Kini, tantangan terbesar ada di pundak para pejabat publik. Rakyat sudah bosan dengan janji, mereka menuntut bukti nyata keberpihakan. DPR harus membuka telinga, bukan justru meninggikan pagar kawat berduri. Pemerintah harus menunjukkan empati yang tulus, bukan sekadar basa-basi politik. Polisi harus menjadi pelindung, bukan momok. Dan masyarakat sendiri harus menjaga agar perjuangan tetap bermartabat, bukan berubah menjadi kerusuhan yang mencederai cita-cita.
Indonesia sedang berdiri di persimpangan jalan. Jika pejabat memilih jalan empati, jika aparat memilih jalan humanis, dan jika rakyat menjaga agar demonstrasi tetap beradab, maka kepercayaan publik bisa dipulihkan. Jika tidak, maka tragedi demi tragedi akan terus berulang.

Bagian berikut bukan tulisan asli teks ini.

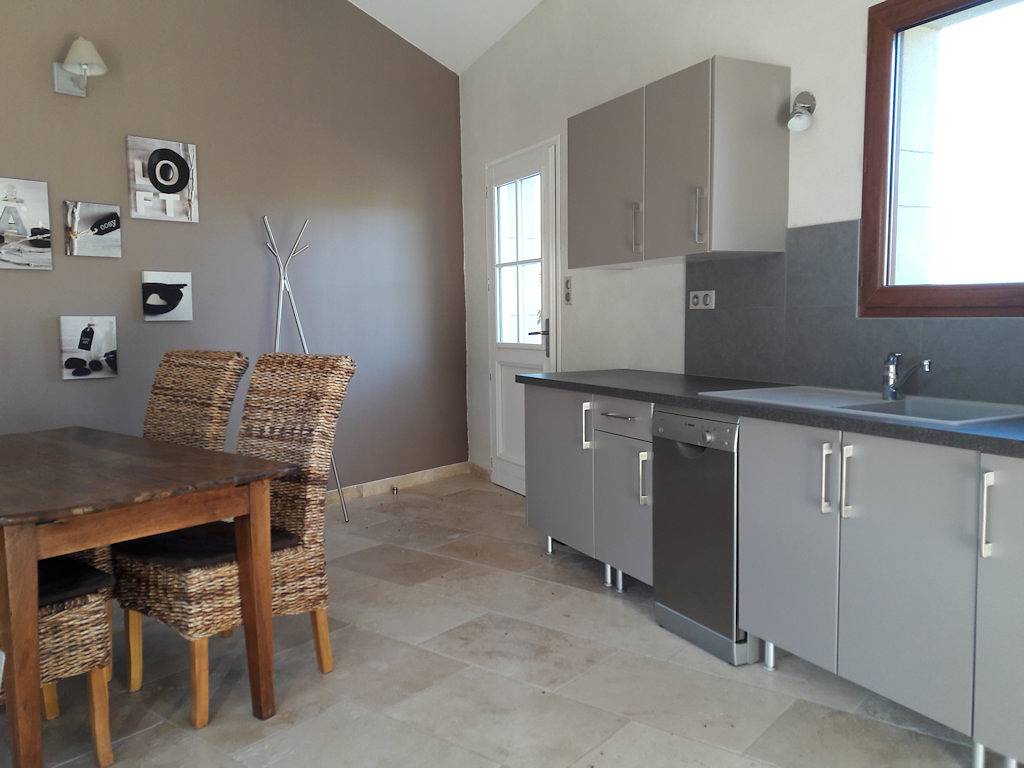 Appartement entier, Olivia - Gîtes au Fil de l'Eau in Malaucène, Parc naturel régional du Mont-Ventoux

Di momen yang penuh luka ini, mungkin bijak kita mengingat pesan Socrates berabad-abad lalu: “Four things belong to a judge: to hear courteously, to answer wisely, to consider soberly, and to decide impartially.” Pesan itu sederhana, tetapi sangat relevan bagi siapa pun yang memegang kekuasaan. Dengarkanlah rakyat dengan sopan, jawab aspirasi dengan kebijakan yang bijak, pertimbangkan dengan tenang, lalu putuskan dengan adil. Hanya dengan itu, suara kebenaran tak akan berubah menjadi anarki, melainkan menjadi energi untuk Indonesia yang lebih baik.